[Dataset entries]
+ + + + + + +
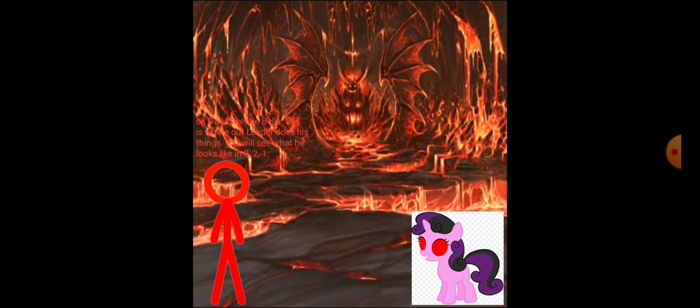Okay, Dark Sweetie Belle. This is where our leader does his things. You will see what he looks like in three, two, one.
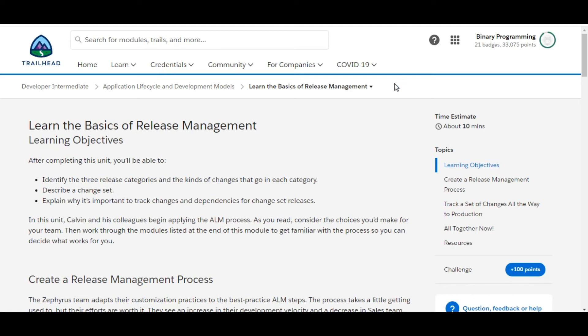Hello all, welcome to Binary Programming. In this video we will solve the second challenge of Application Lifecycle and Development Models module of developer intermediate. The name of the challenge is Learn the Basics of Release Management.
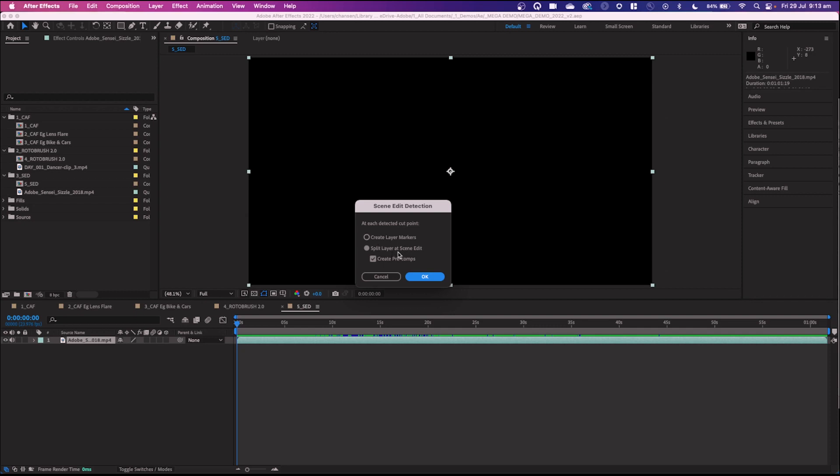Obviously you want to split the layer at the Scene Edit to get that definitive cut. You can also create pre-comps from this, which is really handy for setting up your project faster. So I'll go ahead and hit OK.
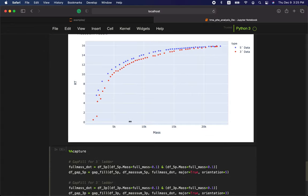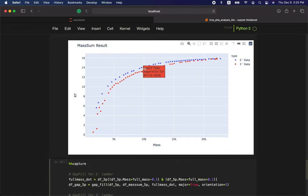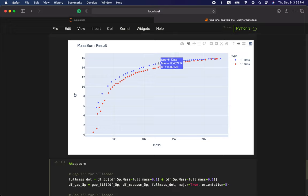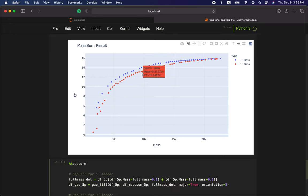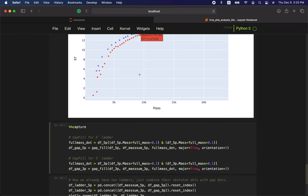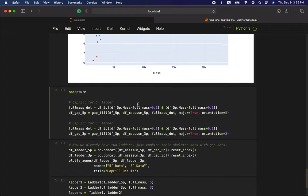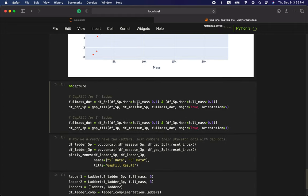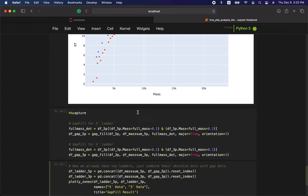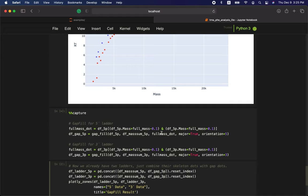You may notice that there exist several gaps. Next, we try to fill those gaps by doing gap fill. This cell will take a bit of time to run.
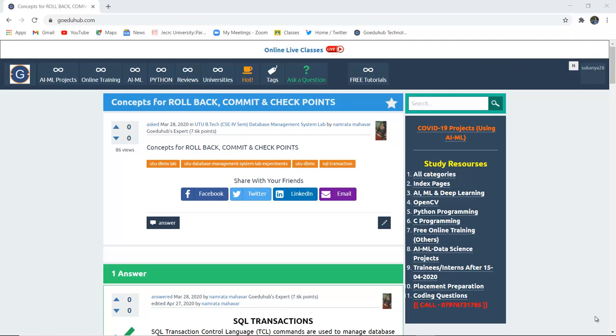Concepts for rollback, commit and checkpoints. What do we mean by rollback, commit and checkpoints during a transaction?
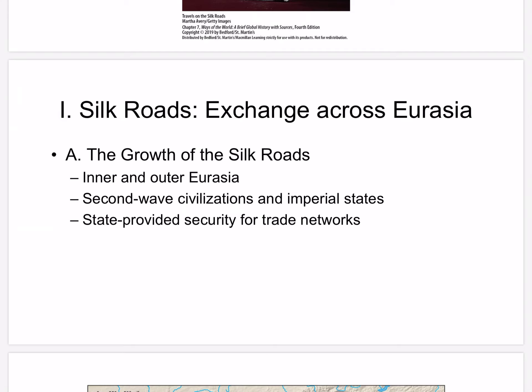And in the 13th and 14th centuries, the Mongol Empire controlled almost the entirety of the Silk Roads.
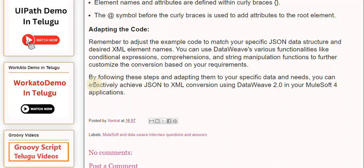By following these steps and adapting them to your specific data and needs, you can effectively achieve JSON to XML conversion using DataWeave 2.0 in your MuleSoft 4 applications.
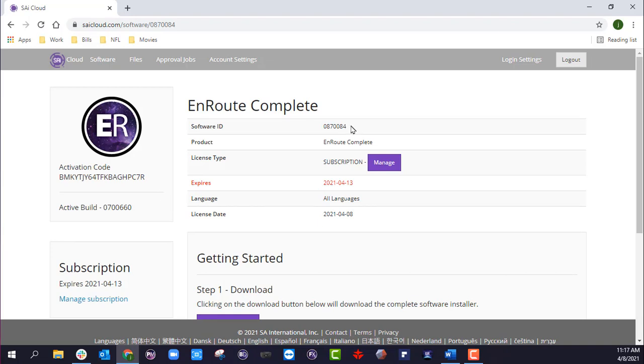Now it shows my software ID, I can manage my subscription, update my payment if I need to. I have my activation code here, and then the active build, which is going to be EnRoute 7.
+ + + + + + +
The records above must be echoed exactly, minus their pictures.

Okay, Dark Sweetie Belle. This is where our leader does his things. You will see what he looks like in three, two, one.
Hello all, welcome to Binary Programming. In this video we will solve the second challenge of Application Lifecycle and Development Models module of developer intermediate. The name of the challenge is Learn the Basics of Release Management.
Obviously you want to split the layer at the Scene Edit to get that definitive cut. You can also create pre-comps from this, which is really handy for setting up your project faster. So I'll go ahead and hit OK.
You may notice that there exist several gaps. Next, we try to fill those gaps by doing gap fill. This cell will take a bit of time to run.
Concepts for rollback, commit and checkpoints. What do we mean by rollback, commit and checkpoints during a transaction?
And in the 13th and 14th centuries, the Mongol Empire controlled almost the entirety of the Silk Roads.
By following these steps and adapting them to your specific data and needs, you can effectively achieve JSON to XML conversion using DataWeave 2.0 in your MuleSoft 4 applications.
Now it shows my software ID, I can manage my subscription, update my payment if I need to. I have my activation code here, and then the active build, which is going to be EnRoute 7.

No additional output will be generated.